Sourcegraph, the company behind a universal code search platform for companies including Amazon, PayPal, Qualtrics, and Cloudflare, has raised $50 million in a series C round of funding led by Sequoia Capital.

As many tech luminaries have noted in recent years, every company is now a software company, which means every company now has to deal with code in some form. But the bigger and more disparate these codebases become, as more developer tools and repositories are added to the mix, as engineering personnel come and go, the more complex it becomes to keep on top of things.

Big code

Much in the same way as companies harness and process “big data” to extract insights from multiple large and complex data sets, “big code” is a concept that seeks to address the growing volume and variety of source code that businesses have to deal with across their development projects. Big code is chiefly concerned with the extent to which the amount of code; the variety and complexity of languages, systems, and tools; and increased expectations around speedy software cycles impact companies’ ability to function optimally. And this is where Sourcegraph is carving its niche.
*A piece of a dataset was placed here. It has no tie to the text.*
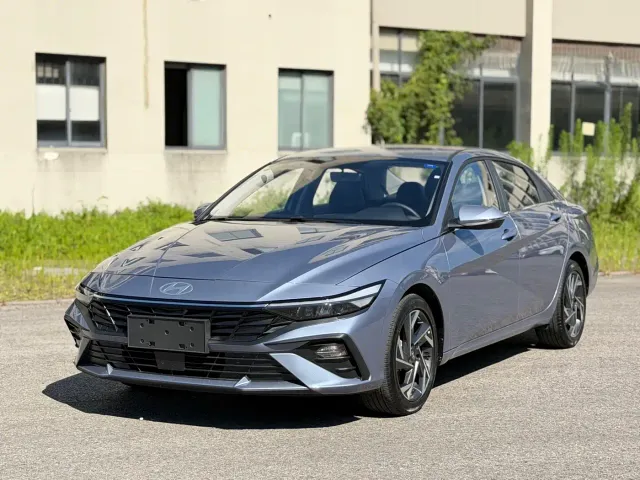 Фотография автомобиля — Hyundai Elantra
Founded in 2013, San Francisco-based Sourcegraph brings together the various strands that make up modern developer operations (DevOps) teams, spanning repositories, programming languages, file formats, editors, and more. For example, if a developer needs to know how to use a particular function or service, what impact changing a piece of code will have on other dependencies, or where the correct library is for a particular task, this is where Sourcegraph comes into play.


There are plenty of individual tools designed to tackle the “big code” problem. Datadog is a cloud monitoring platform for applications and infrastructure that provides error metrics so companies can narrow down the problem if a website goes offline, for example, while a developer can use something like Codecov to check the test coverage for a codebase and then LaunchDarkly to deactivate a new experimental feature that caused the fault. The problem is, all these tools exist separately.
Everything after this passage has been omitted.